After some aggravation thanks to Friday’s snowstorm, I made it back last night only about five hours later than I should have been here.  The delay from my cancelled flight wasn’t that terrible (especially compared to the epic incompetence of JetBlue a few weeks ago), so I suppose I shouldn’t complain, but let me just say that […]

After some aggravation thanks to Friday’s snowstorm, I made it back last night only about five hours later than I should have been here.  The delay from my cancelled flight wasn’t that terrible (especially compared to the epic incompetence of JetBlue a few weeks ago), so I suppose I shouldn’t complain, but let me just say that I’m not a big fan of La Guardia.  The airport, that is.  Judging from the absurd-looking statue of old Fiorello that they have put up in the Marine Air terminal, I would say that the people who run the airport don’t much like the former mayor.  Neither am I pleased with the horrid Northeastern habit that people have of automatically putting milk in your coffee.  I didn’t even ask for a ‘regular’ coffee, which I understand is Northeasternese for, “Please ruin this perfectly good coffee with some milk.”  No, apparently it’s simply taken as a given that coffee should never be good and there is no need to consult the person ordering the coffee.    Even leaving aside the question of Lent, such coffee will go from an unpleasant ordeal to being simply undrinkable in a matter of minutes.  This is one of those amusing regional customs, rather like the default of putting sugar in tea in the South, that I find a little tiresome after a while.  (Southerners, being generally more hospitable, do understand that they should ask whether you would also like to have your tea ruined.)  I don’t begrudge people their regional customs, but I do reserve the right to point out that they are ruining their coffee and tea.  I should say that Brookline was very nice, and I’d be glad to go back there anytime.  Boston, however, left a different, sour taste in my mouth.  

The conference itself was a great time.  As I had briefly mentioned in one of the comments, it was on the campus of Hellenic College and Holy Cross Theological School.  It is an unusual experience for me, as I imagine it is for most people, to be able to go to a campus chapel and find an Orthodox church.  The daily Orthros (albeit in a very shortened form) and Vespers were very good ways to start and end a couple of the days.  The weather was not entirely cooperative with us, leading to the later problems of traveling home, but the atmosphere of the conference, which was one made up entirely by graduate students, was very cordial and pleasant.  There was one contentious session on Hesychasm, which didn’t surprisingly create an argument between Orthodox and non-Orthodox participants (since Palamite theology is usually seen in all Orthodox-Catholic exchanges as a fundamental disagreement).  Ironically, it was a paper arguing that St.
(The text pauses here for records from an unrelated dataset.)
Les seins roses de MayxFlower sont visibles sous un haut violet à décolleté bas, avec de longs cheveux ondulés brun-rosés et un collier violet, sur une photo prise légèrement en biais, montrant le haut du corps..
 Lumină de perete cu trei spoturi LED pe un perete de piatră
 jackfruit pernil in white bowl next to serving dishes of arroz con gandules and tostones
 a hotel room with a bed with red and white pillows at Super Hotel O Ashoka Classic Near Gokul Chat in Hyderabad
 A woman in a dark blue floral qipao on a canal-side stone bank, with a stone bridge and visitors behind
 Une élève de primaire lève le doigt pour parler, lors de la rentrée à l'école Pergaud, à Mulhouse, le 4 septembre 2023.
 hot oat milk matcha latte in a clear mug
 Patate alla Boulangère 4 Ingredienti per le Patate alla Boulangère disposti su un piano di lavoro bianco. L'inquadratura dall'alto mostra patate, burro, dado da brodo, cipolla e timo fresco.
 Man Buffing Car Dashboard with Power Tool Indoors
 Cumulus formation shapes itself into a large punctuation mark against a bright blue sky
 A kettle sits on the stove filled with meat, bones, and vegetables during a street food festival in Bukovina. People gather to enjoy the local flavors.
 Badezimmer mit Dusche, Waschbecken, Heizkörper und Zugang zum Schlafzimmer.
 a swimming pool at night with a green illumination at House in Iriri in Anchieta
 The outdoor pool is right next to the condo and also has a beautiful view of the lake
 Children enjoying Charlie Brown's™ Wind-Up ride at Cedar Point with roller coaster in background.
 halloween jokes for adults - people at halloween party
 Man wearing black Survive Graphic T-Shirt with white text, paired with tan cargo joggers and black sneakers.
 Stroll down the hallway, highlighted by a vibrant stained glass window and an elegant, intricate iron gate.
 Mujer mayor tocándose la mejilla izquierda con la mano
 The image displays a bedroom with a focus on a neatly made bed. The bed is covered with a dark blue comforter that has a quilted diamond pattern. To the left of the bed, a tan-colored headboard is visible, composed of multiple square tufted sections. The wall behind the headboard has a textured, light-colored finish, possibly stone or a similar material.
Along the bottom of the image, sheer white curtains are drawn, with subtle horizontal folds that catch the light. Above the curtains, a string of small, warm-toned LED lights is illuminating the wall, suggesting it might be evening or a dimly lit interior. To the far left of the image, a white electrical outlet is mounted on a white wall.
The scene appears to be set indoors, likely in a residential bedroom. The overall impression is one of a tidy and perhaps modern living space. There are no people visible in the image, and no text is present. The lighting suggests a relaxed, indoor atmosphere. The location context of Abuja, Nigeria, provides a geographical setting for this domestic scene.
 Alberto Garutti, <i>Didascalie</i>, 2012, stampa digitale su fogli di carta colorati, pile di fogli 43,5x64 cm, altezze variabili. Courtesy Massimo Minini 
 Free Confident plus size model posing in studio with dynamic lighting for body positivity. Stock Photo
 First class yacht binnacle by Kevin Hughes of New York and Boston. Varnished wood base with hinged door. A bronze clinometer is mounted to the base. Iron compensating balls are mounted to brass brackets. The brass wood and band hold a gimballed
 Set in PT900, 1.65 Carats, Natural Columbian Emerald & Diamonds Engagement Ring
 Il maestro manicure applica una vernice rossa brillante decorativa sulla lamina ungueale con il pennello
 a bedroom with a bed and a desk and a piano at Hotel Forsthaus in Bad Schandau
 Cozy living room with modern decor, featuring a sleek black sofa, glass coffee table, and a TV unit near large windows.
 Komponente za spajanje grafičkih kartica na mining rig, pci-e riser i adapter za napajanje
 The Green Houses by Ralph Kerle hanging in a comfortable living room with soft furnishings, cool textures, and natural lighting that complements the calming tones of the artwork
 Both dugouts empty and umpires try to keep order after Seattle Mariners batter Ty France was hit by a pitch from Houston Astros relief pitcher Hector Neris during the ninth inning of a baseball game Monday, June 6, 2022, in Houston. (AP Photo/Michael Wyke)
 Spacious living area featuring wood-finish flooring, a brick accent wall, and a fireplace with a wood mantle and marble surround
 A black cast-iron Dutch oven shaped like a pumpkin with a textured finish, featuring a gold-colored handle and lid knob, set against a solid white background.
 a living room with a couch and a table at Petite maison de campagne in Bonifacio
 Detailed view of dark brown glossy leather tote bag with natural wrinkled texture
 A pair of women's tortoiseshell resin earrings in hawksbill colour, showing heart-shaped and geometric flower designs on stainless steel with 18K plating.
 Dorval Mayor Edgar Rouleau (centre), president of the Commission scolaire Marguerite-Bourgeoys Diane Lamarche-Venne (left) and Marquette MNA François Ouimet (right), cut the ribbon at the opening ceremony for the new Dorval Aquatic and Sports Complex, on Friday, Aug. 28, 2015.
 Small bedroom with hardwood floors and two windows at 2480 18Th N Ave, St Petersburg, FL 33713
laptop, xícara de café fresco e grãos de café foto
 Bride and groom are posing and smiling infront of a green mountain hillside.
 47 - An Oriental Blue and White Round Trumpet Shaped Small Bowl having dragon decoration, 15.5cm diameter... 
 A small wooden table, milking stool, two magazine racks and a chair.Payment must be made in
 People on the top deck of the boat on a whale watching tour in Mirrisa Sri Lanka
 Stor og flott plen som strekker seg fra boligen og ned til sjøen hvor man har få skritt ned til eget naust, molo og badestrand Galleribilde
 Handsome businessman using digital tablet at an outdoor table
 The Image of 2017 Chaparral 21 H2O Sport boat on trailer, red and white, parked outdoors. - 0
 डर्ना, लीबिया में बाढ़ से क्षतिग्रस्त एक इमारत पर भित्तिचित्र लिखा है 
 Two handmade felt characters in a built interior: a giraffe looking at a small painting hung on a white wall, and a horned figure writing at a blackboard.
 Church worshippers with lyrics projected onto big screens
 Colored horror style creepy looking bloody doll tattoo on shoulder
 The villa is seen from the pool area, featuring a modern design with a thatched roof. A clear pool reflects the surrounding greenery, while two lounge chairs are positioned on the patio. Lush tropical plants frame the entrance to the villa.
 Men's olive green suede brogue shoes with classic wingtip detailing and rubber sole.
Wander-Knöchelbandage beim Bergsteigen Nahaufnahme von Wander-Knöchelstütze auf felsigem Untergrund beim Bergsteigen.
Gregory of Thessalonika had turned what could have been a “dialogue” into a “polemic,” which was unfortunately the effect of the paper on that topic.  Instead of sparking confessional dispute, it set off a strong intra-Orthodox quarrel between one Orthodox speaker (who, curiously enough, had also gone to my alma mater) and the other Orthodox students.  The poor Protestant seminarians and other non-Orthodox in the room seemed to be mostly at a loss as to why this paper had generated such intense feelings.  Gatherings of Orthodox academics should come with a warning label: “Danger: Converts and Greeks may create a combustible and unstable situation.”  However, this particular debate wasn’t one of converts vs. cradle Orthodox or Americans vs. Greeks, but really was a debate between the one speaker, who was taking a very hard line against Palamas over a single response that he had made to Barlaam the Calabrian, and everyone else fairly sputtering and gasping in disbelief.  Several of the people in the audience did make what I considered quite solid replies to the paper’s argument, but the session had definitely gone from being a venue for exchange and inquiry and had become a more fundamental and visceral argument over the place of monks in the Church. 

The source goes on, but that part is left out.